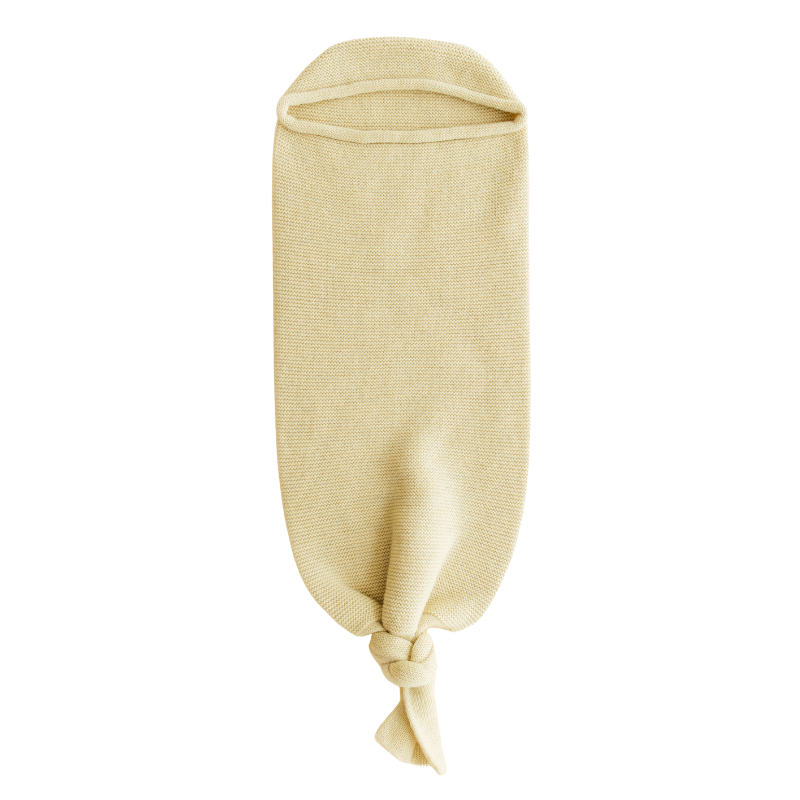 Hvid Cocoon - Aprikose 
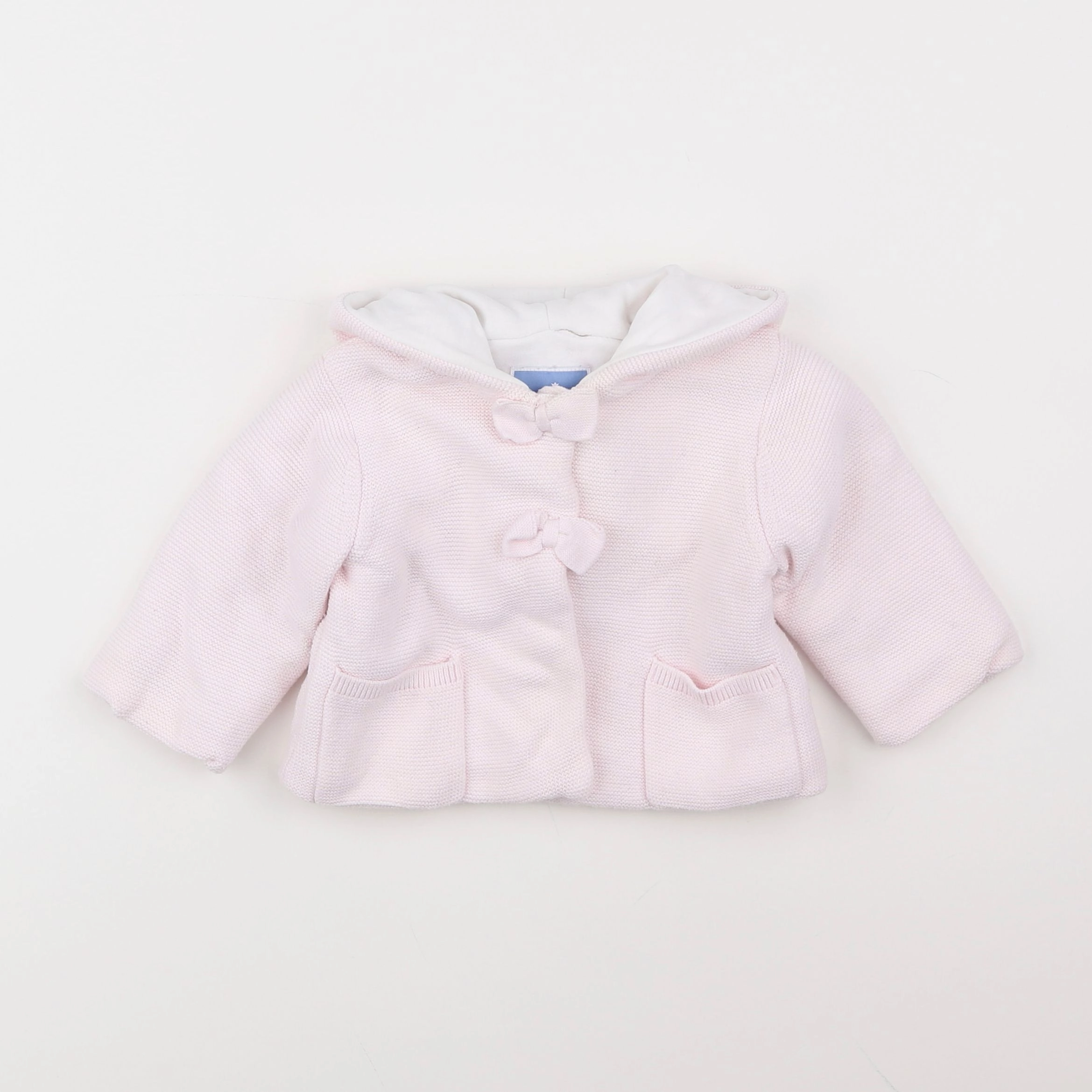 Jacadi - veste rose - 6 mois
* * *
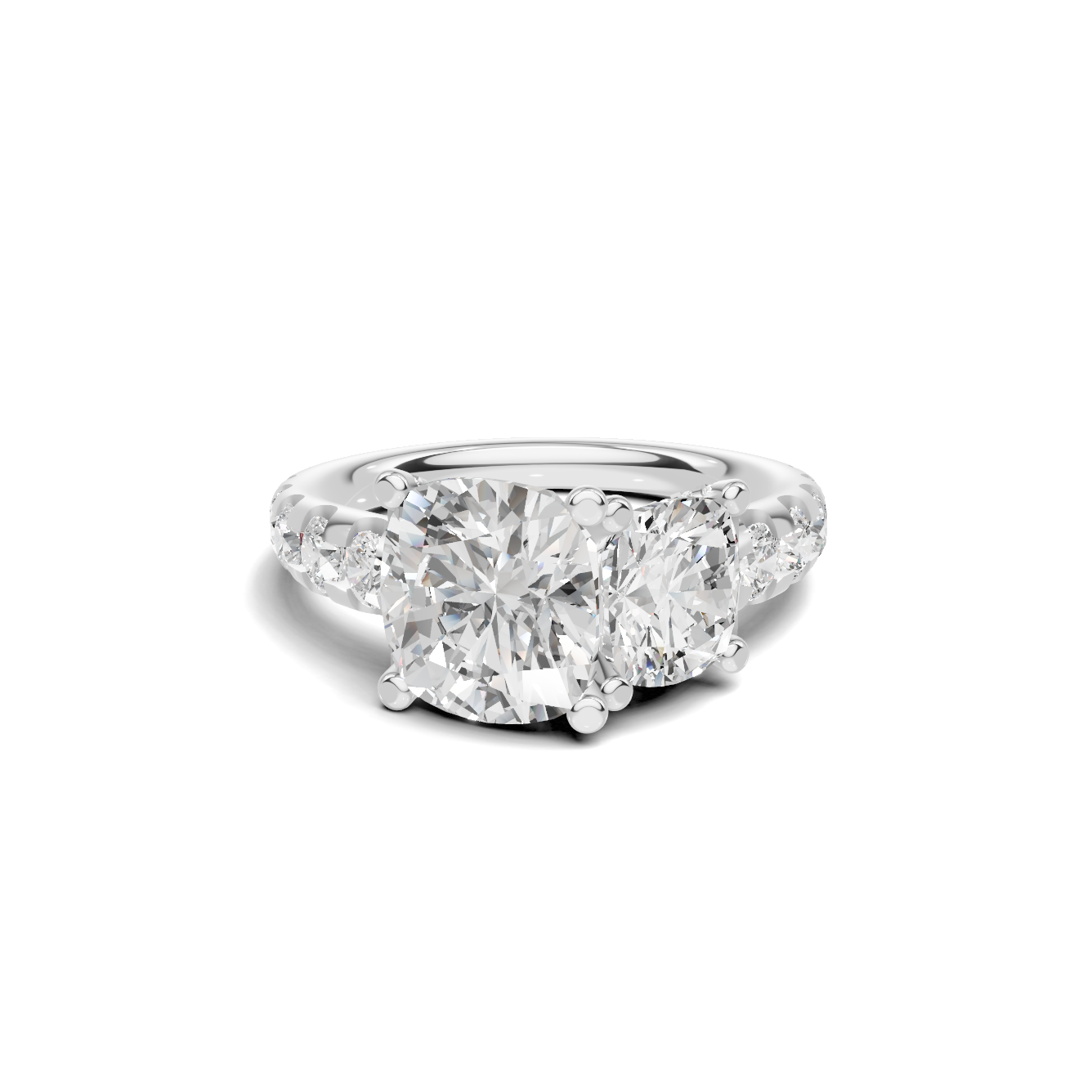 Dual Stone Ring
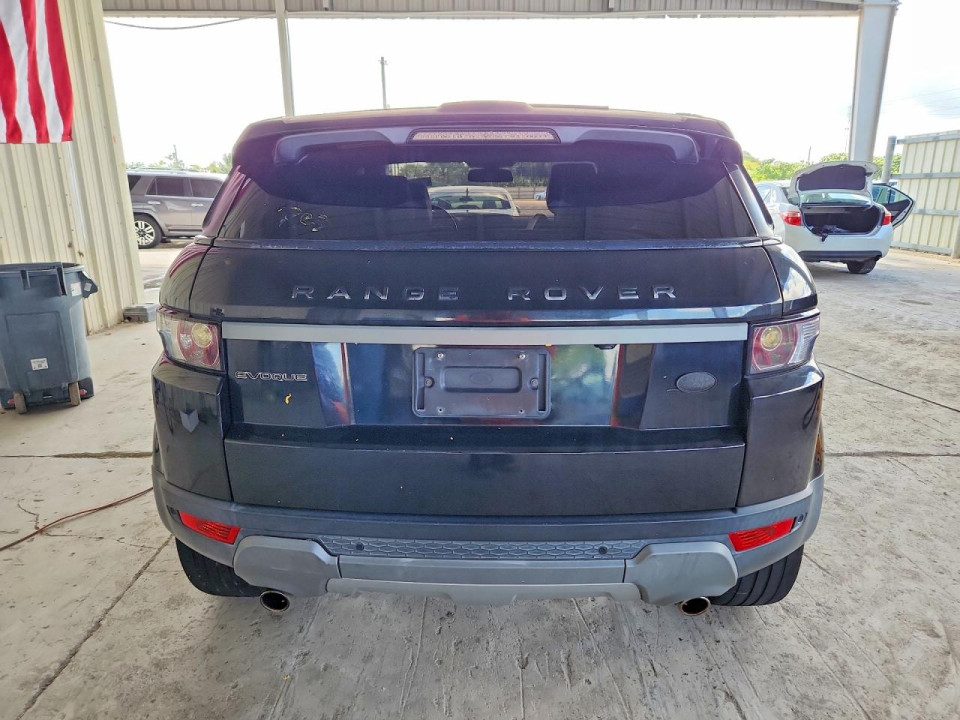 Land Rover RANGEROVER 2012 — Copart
...
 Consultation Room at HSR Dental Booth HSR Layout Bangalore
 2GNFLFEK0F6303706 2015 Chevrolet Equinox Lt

What this task involves:
Pictures do not belong in the answer. Return the lines above starting at the one with "Dual Stone Ring" and ending at the one with "Land Rover RANGEROVER 2012 — Copart", both kept, exactly.

Output of the task:
 Dual Stone Ring
 Land Rover RANGEROVER 2012 — Copart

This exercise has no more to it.